YOUR TASK -> Output all of the data exactly as it appears, but leave out any pictures it contains.

RAW DATA ->
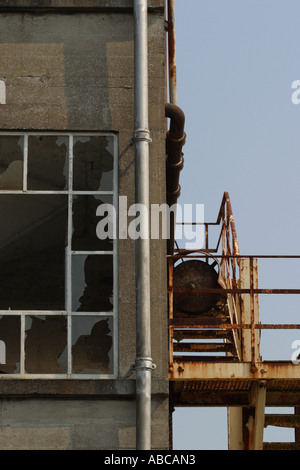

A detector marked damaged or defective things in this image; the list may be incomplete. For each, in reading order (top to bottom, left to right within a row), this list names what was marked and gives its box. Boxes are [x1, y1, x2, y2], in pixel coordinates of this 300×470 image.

rusty metal pipe [166, 103, 185, 255]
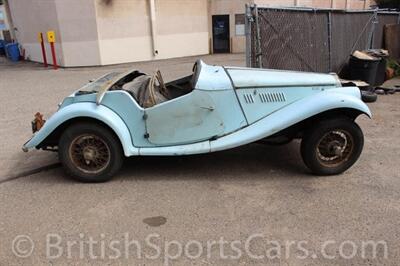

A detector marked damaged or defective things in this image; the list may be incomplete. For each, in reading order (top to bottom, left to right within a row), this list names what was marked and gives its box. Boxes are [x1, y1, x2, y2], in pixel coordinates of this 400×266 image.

cracked asphalt [0, 53, 400, 264]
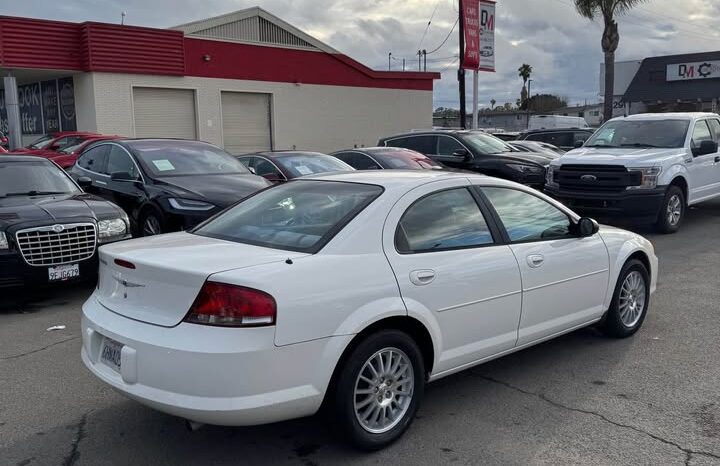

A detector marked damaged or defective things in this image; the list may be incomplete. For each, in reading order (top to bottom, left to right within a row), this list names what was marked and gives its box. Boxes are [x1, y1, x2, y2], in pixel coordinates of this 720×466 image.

parking lot crack [0, 334, 79, 360]
parking lot crack [61, 414, 88, 464]
parking lot crack [476, 374, 716, 464]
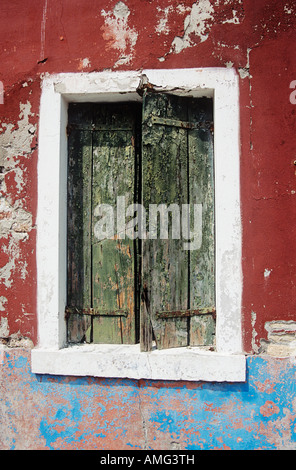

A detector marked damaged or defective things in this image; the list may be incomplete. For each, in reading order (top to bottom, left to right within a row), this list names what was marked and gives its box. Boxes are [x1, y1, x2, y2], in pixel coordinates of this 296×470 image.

chipped plaster edge [33, 69, 244, 382]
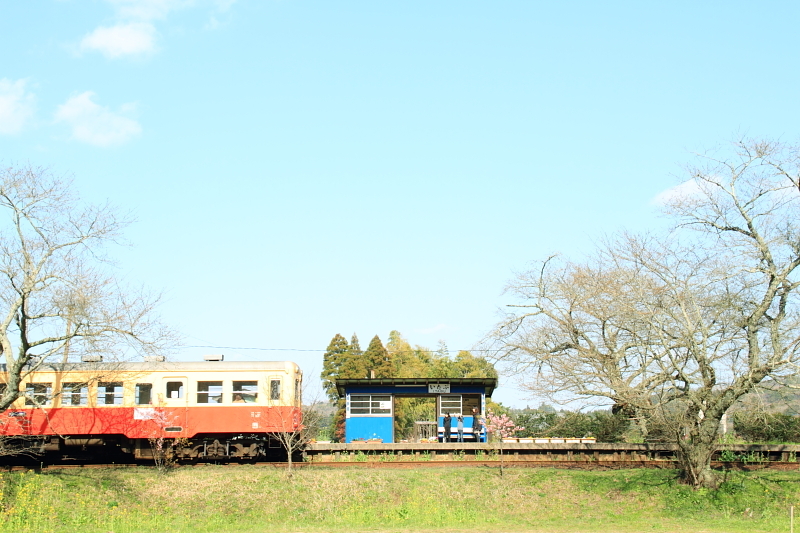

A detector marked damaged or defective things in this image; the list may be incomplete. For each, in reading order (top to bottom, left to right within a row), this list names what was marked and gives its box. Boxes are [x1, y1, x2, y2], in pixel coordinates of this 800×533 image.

rusty train body [0, 358, 304, 462]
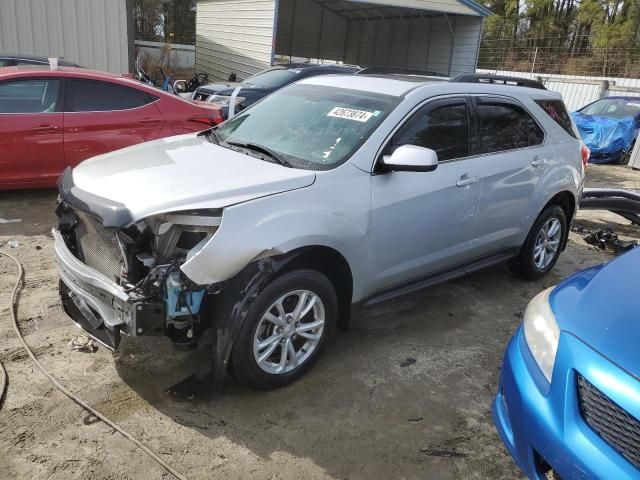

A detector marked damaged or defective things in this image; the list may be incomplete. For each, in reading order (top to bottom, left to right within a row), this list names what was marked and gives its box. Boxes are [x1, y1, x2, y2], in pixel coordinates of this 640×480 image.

crumpled front bumper [53, 228, 136, 348]
damaged silver suv [52, 74, 588, 390]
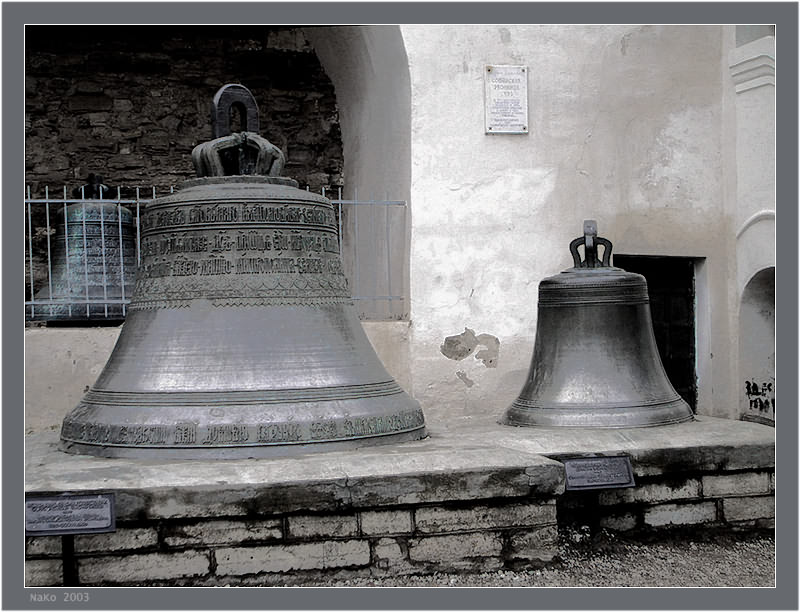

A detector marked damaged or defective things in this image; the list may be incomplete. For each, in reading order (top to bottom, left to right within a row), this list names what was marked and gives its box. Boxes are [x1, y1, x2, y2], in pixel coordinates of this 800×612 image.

peeling plaster patch [440, 330, 496, 368]
peeling plaster patch [456, 368, 476, 388]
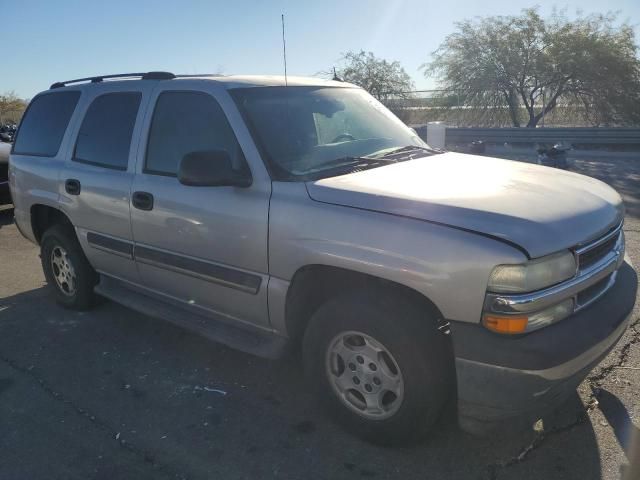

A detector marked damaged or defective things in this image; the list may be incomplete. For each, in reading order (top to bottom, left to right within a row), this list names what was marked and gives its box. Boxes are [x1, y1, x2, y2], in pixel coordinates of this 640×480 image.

cracked pavement [0, 155, 636, 480]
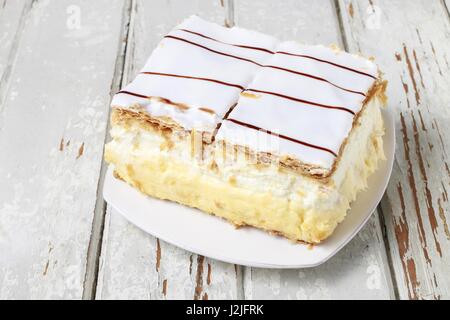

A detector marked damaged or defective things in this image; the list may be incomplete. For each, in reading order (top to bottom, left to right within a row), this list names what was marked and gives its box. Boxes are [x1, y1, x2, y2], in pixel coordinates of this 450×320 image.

chipped white paint [0, 0, 125, 300]
chipped white paint [96, 0, 239, 300]
chipped white paint [342, 0, 450, 300]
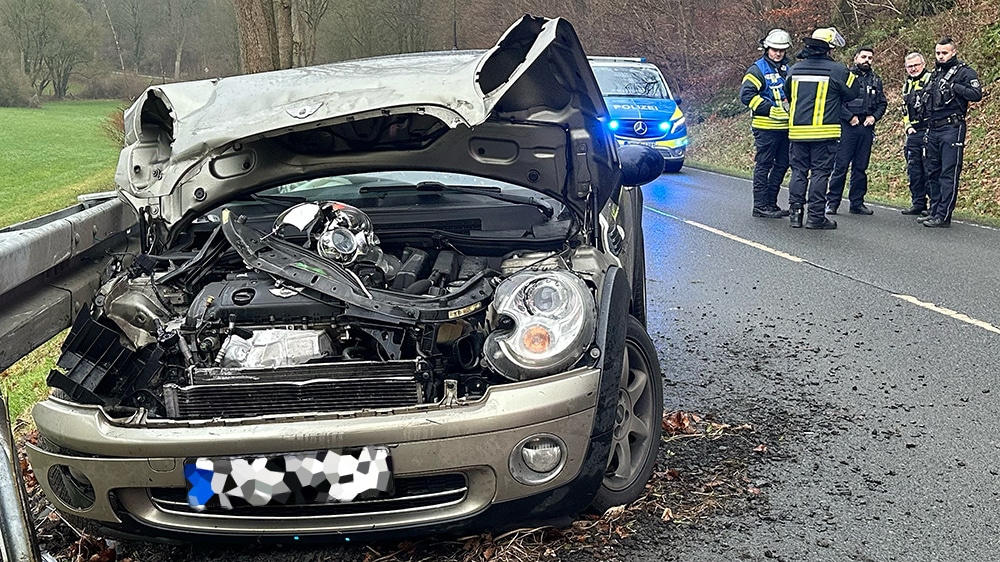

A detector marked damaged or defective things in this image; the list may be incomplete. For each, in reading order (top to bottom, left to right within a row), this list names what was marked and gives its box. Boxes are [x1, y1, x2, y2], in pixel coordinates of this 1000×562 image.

crumpled car hood [117, 15, 616, 234]
exposed car engine [47, 199, 596, 418]
damaged silver car [25, 15, 664, 540]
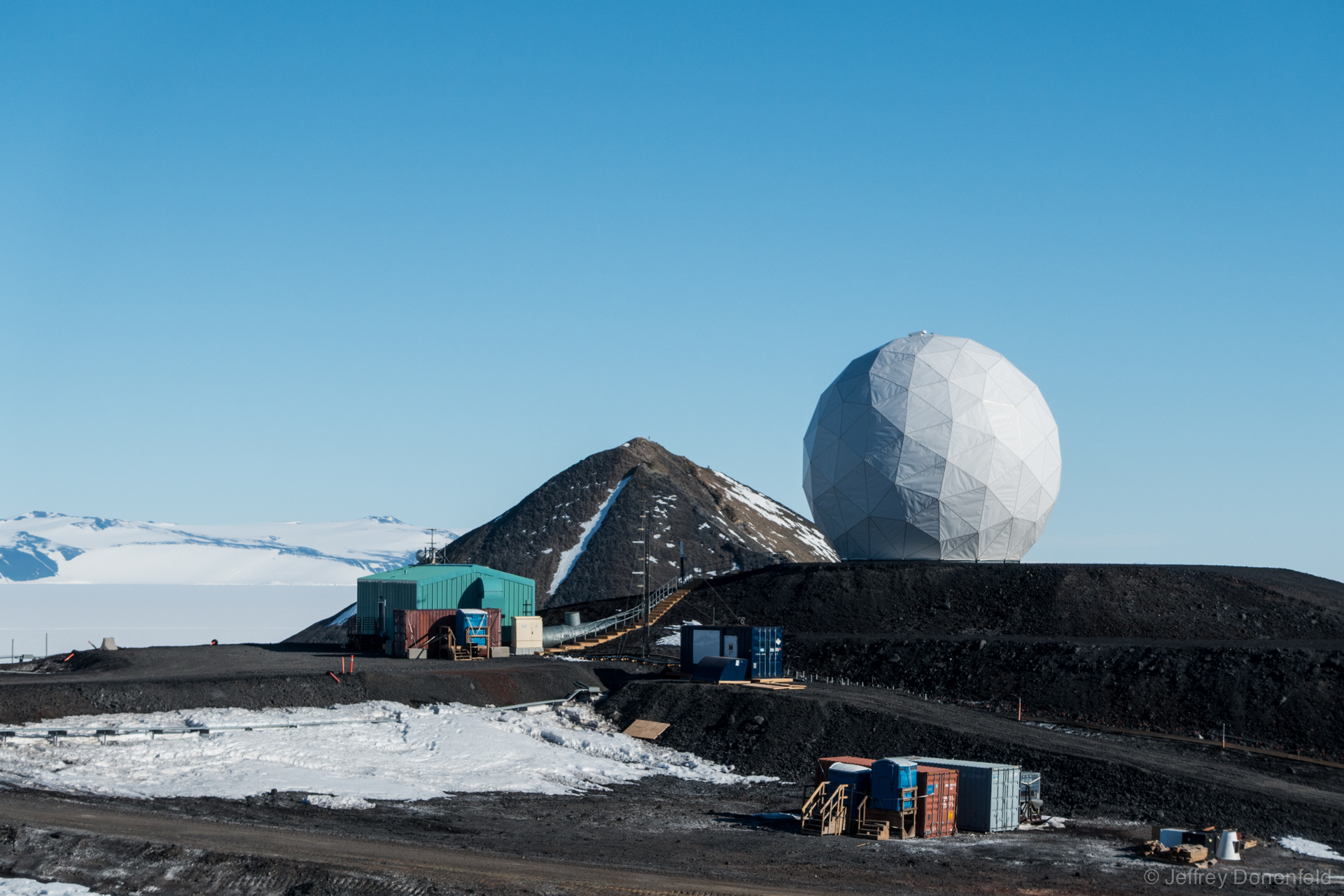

ANSWER SPACE ->
A detector marked damaged or defective things in this image; the list may be incomplete. For each, in reading order (top to bottom, left to right within a row), this list names what was marked and gives its box. Boxes are [x1, y1, x2, y2], in pixel coordinates of this 300×470 image.

rusty metal pipe [166, 103, 185, 255]

A detector marked damaged or defective things in this image; the list may be incomplete. For each, in reading order (top to bottom, left to right within a row), this list names what was marked and gives its box. Boxes are [x1, y1, x2, y2], in pixel coordinates of this 400×266 image.

cracked asphalt [0, 53, 400, 264]

A detector marked damaged or defective things in this image; the list may be incomplete. For each, in reading order (top to bottom, left to right within a row), this list names what was marked and gives its box. Boxes are [x1, y1, x2, y2], in pixel coordinates of this 720×466 image.

parking lot crack [0, 334, 79, 360]
parking lot crack [61, 414, 88, 464]
parking lot crack [476, 374, 716, 464]

A detector marked damaged or defective things in this image; the list may be incomplete. For each, in reading order (top to bottom, left to right within a row), this list names what was marked and gives its box. Boxes are [x1, y1, x2, y2], in pixel coordinates of this 296×470 image.

chipped plaster edge [33, 69, 244, 382]

A detector marked damaged or defective things in this image; the list may be incomplete. For each, in reading order (top to bottom, left to right within a row), this list names what was marked and gives its box. Boxes are [x1, y1, x2, y2], in pixel coordinates of this 800×533 image.

rusty train body [0, 358, 304, 462]

A detector marked damaged or defective things in this image; the list may be incomplete. For each, in reading order (top to bottom, left to right within a row), this list names what was marked and gives its box. Boxes are [x1, y1, x2, y2], in pixel coordinates of this 640×480 image.

crumpled front bumper [53, 228, 136, 348]
damaged silver suv [52, 74, 588, 390]

A detector marked damaged or defective things in this image; the list may be incomplete. For each, in reading order (top to bottom, left to right within a row), this list names what was marked and gives its box. Boxes are [x1, y1, x2, y2], in pixel coordinates of this 800×612 image.

peeling plaster patch [440, 330, 496, 368]
peeling plaster patch [456, 368, 476, 388]

A detector marked damaged or defective things in this image; the list may be incomplete. For each, in reading order (top to bottom, left to right within a row), this list names what was marked and gives its box. Boxes are [x1, y1, x2, y2], in pixel coordinates of this 640×480 image.

cracked pavement [0, 155, 636, 480]

A detector marked damaged or defective things in this image; the list may be incomplete. For each, in reading order (top to bottom, left to right within a row), this list names what was marked and gives its box. Boxes are [x1, y1, x2, y2], in pixel coordinates of this 450×320 image.

chipped white paint [0, 0, 125, 300]
chipped white paint [96, 0, 239, 300]
chipped white paint [342, 0, 450, 300]

A detector marked damaged or defective things in this image; the list may be incomplete. For each, in reading order (top to bottom, left to right within a row), this list names what was marked and gives its box. Boxes are [x1, y1, x2, y2], in pixel coordinates of this 1000×562 image.

crumpled car hood [117, 15, 616, 234]
exposed car engine [47, 199, 596, 418]
damaged silver car [25, 15, 664, 540]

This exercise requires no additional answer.